Two issues in the basic approach
Last updated
Last updated
The consistent hashing algorithm was introduced by Karger et al. at MIT [1]. The basic steps are:
Map servers and keys on to the ring using a uniformly distributed hash function.
To find out which server a key is mapped to, go clockwise from the key position until the first server on the ring is found.
Two problems are identified with this approach. First, it is impossible to keep the same size of partitions on the ring for all servers considering a server can be added or removed. A partition is the hash space between adjacent servers. It is possible that the size of the partitions on the ring assigned to each server is very small or fairly large. In the picture below, if s1 is removed, s2’s partition (highlighted with the bidirectional arrows) is twice as large as s0 and s3’s partition.

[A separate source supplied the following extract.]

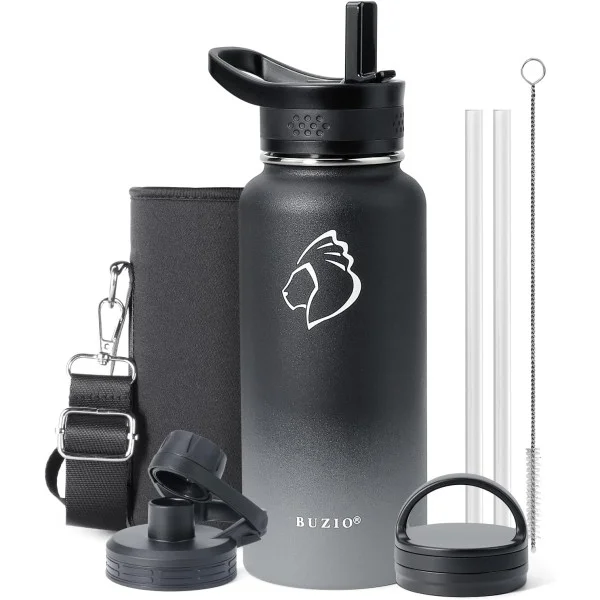 Buzio Trio Series Water Bottle with 3 Lids and Sleeve 1.2L, Shadow - X00494QAZN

Second, it is possible to have a non-uniform key distribution on the ring. For instance, if servers are mapped to positions listed below, most of the keys are stored on server 2. However, server 1 and server 3 have no data.
A technique called virtual nodes or replicas is used to solve these problems.

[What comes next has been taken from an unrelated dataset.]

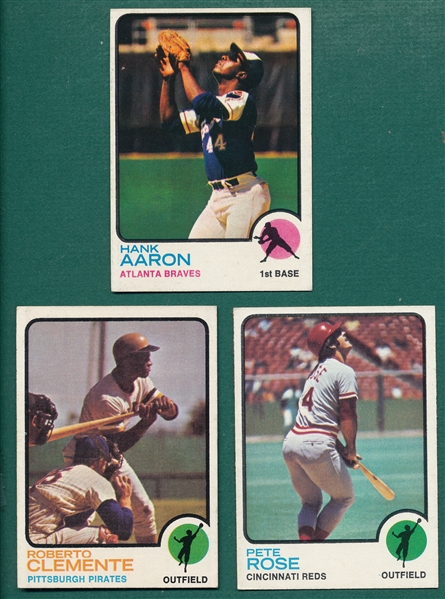 1973 Topps Lot of (3) W/ Clemente, Rose & Aaron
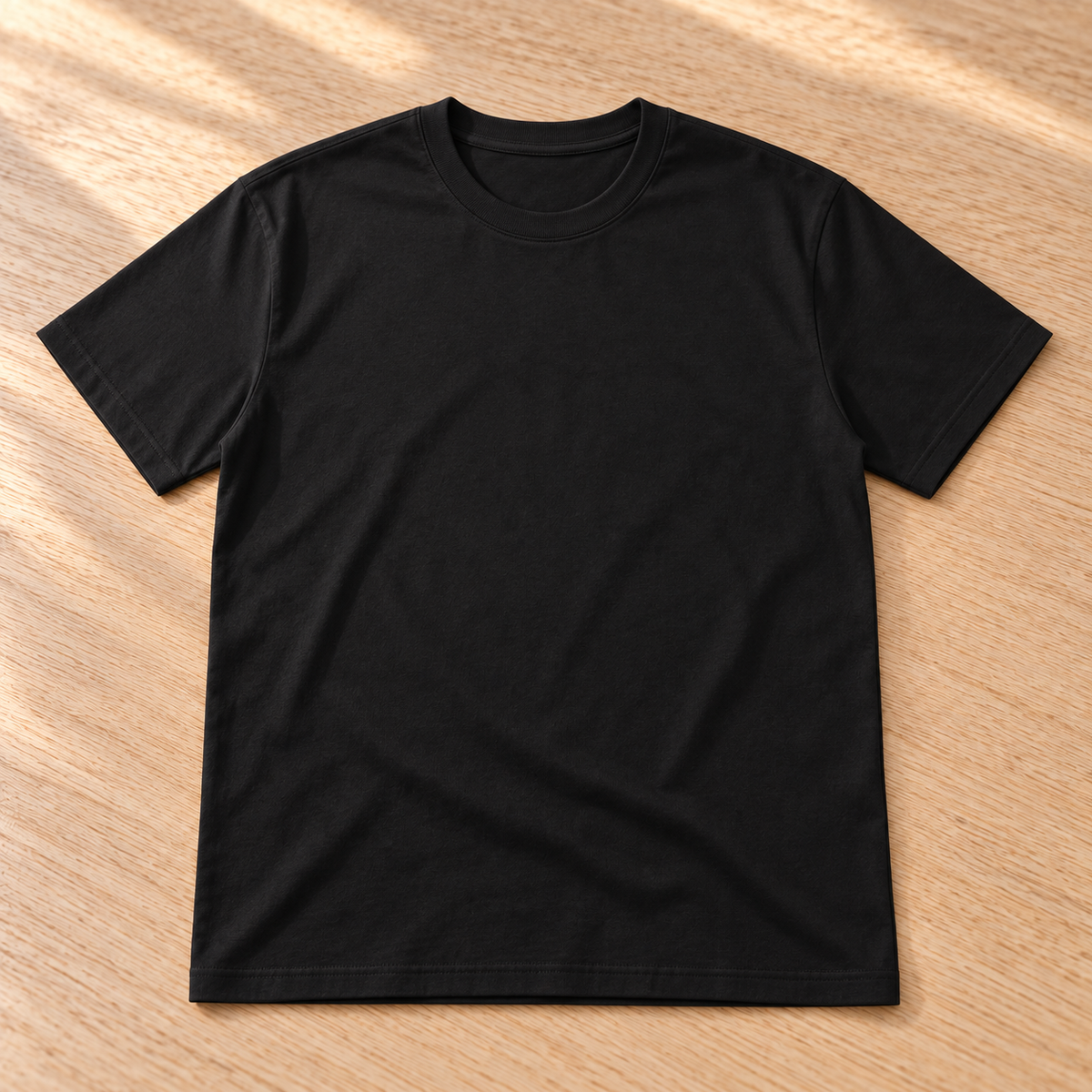 Blank blank shirt men black on warm timber — customisable product illustration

A virtual node refers to the real node, and each server is represented by multiple virtual nodes on the ring. In the picture below, both server 0 and server 1 have 3 virtual nodes. The 3 is arbitrarily chosen; and in real-world systems, the number of virtual nodes is much larger. Instead of using s0, we have s0_0, s0_1, and s0_2 to represent server 0 on the ring. Similarly, s1_0, s1_1, and s1_2 represent server 1 on the ring. With virtual nodes, each server is responsible for multiple partitions. Partitions (edges) with label s0 are managed by server 0. On the other hand, partitions with label s1 are managed by server 1.
To find which server a key is stored on, we go clockwise from the key’s location and find the first virtual node encountered on the ring. Inthe picture below, to find out which server k0 is stored on, we go clockwise from k0’s location and find virtual node s1_1, which refers to server 1.

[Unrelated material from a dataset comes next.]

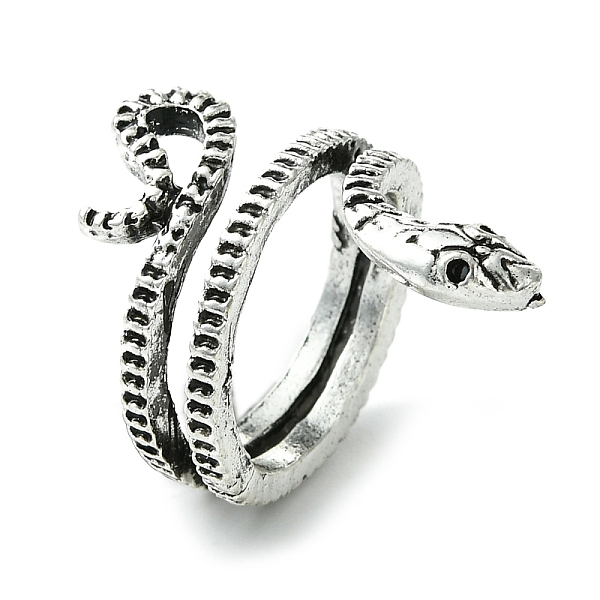 

PandaHall Snake Alloy Wrap Open Cuff Rings, Lead Free & Cadmium Free, Antique Silver, 26mm, Inner Diameter: 16mm Alloy Snake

As the number of virtual nodes increases, the distribution of keys becomes more balanced. This is because the standard deviation gets smaller with more virtual nodes, leading to a balanced data distribution. Standard deviation measures how data are spread out. The outcome of an experiment carried out by online research shows that with one or two hundred virtual nodes, the standard deviation is between 5% (200 virtual nodes) and 10% (100 virtual nodes) of the mean. The standard deviation will be smaller when we increase the number of virtual nodes. However, more spaces are needed to store data about virtual nodes. This is a tradeoff, and we can tune the number of virtual nodes to fit our system requirements.
When a server is added or removed, a fraction of data needs to be redistributed. How can we find the affected range to redistribute the keys? In the picture below, server 4 is added to the ring. The affected range starts from s4 (newly added node) and moves anticlockwise around the ring until a server is found (s3). Thus, keys located between s3 and s4 need to be redistributed to s4.
When a server (s1) is removed as shown below, the affected range starts from s1 (removed node) and moves anticlockwise around the ring until a server is found (s0). Thus, keys located between s0 and s1 must be redistributed to s2.